Rep. Harley Rouda is endorsing billionaire Mike Bloomberg as Democratic candidate for president, citing the former New York City mayor’s business experience and track record fighting climate change.

“He has the ability to not only beat Donald Trump but, more importantly, to bring our country together, and restore America to its place as the leader of the free world,” Rouda said in a statement slated to go public Friday.

Bloomberg gave at least $4 million to support Rouda, D-Laguna Beach, in 2018 when he flipped Orange County’s coastal 48th District to blue for the first time.

Rouda told Politico that he liked what he heard Thursday when the billionaire businessman — who’s been a Democrat, a Republican and an independent in the past — sold himself as a centrist during closed-door meetings on Capitol Hill.

Republicans still have a 6.4 percentage point voter registration advantage in Rouda’s district. While the congressman has been vocal about climate change issues, and voted to impeach Trump, the former Republican also has spoken out against the Democratic party going too far to the left.

“Like myself, Mike Bloomberg believes in smart capitalism coupled with good government,” Rouda said.

“He’s a legendary businessman who also ran one of the nation’s largest and most complex cities, a city with a population larger than 39 states. He’s met payrolls, knows how to balance budgets, and understands the intricacies of our economy.”

Bloomberg entered the presidential race late, but has already poured more than $100 million into TV ads and adding hundreds of staffers across the county.

Bloomberg said he’s honored to have Rouda’s support, which comes less than two weeks after the media magnate opened his first California campaign office in Riverside. Rouda is the third Democratic House member to endorse Bloomberg this week, joining Florida Rep. Stephanie Murphy and New York Rep. Max Rose.

When asked Jan. 7 who he was backing for president, Rouda would only say that he was supporting “whoever can beat President Trump.”

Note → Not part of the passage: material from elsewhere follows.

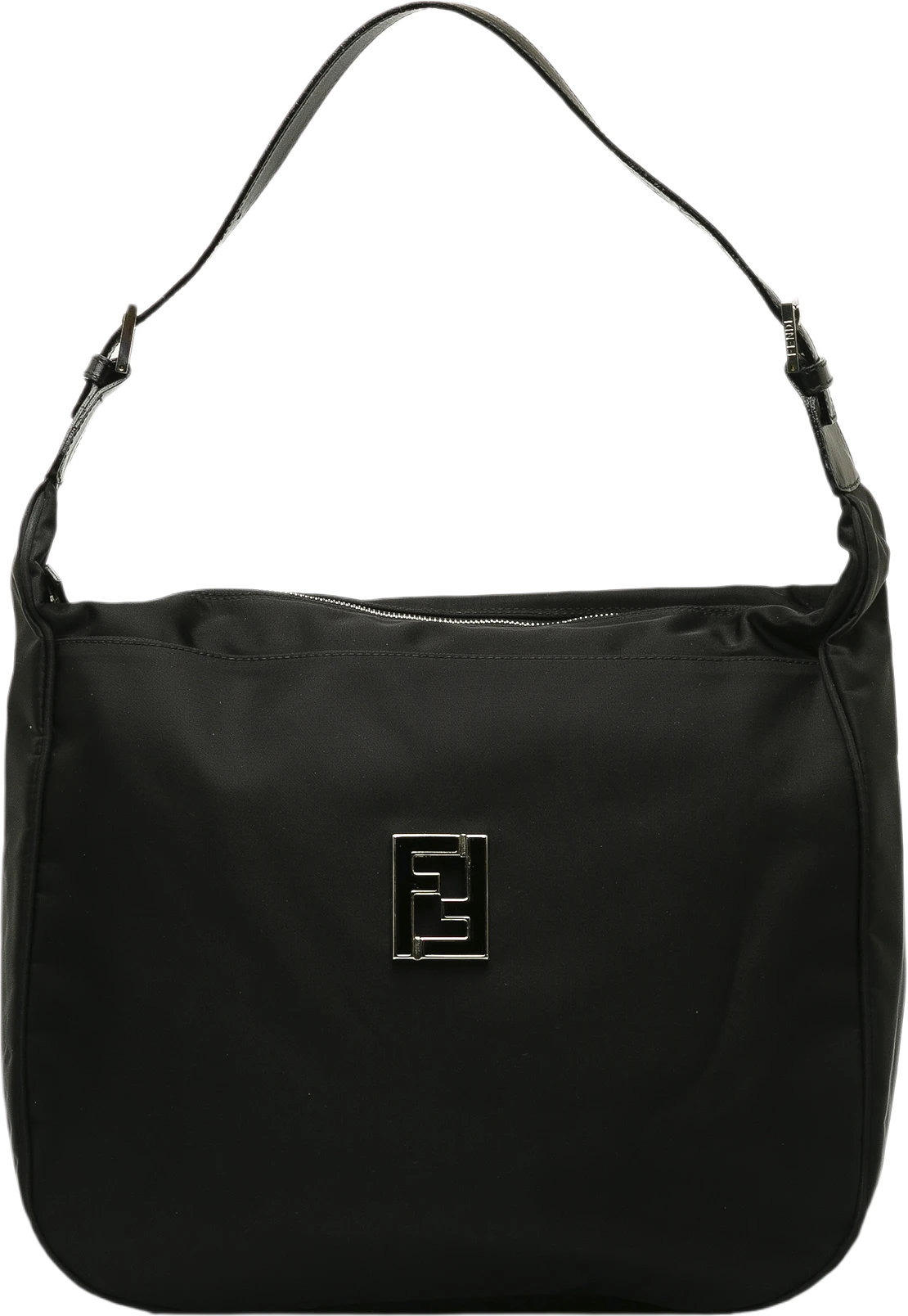 Fendi Ff Shoulder Bag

The next morning, news leaked that Rouda was billed with Rep. Lou Correa, D-Anaheim, and others to co-host a private fundraiser in Irvine for former Vice President Joe Biden. Correa formally endorsed Biden in August and joined his campaign trail last week.

But neither Rouda nor Correa showed up to the Biden fundraiser in Shady Canyon on Jan. 9, since they were stuck voting in Washington, D.C.

Rep. Katie Porter, D-Irvine, has been stumping for Massachusetts Sen. Elizabeth Warren since she became a co-chair of the senator’s campaign in the fall.

The other four local House representatives haven’t endorsed anyone for president, with Reps. Mike Levin, D-San Juan Capistrano, and Linda Sanchez, D-Whittier, saying they likely won’t back anyone before the March 3 primary.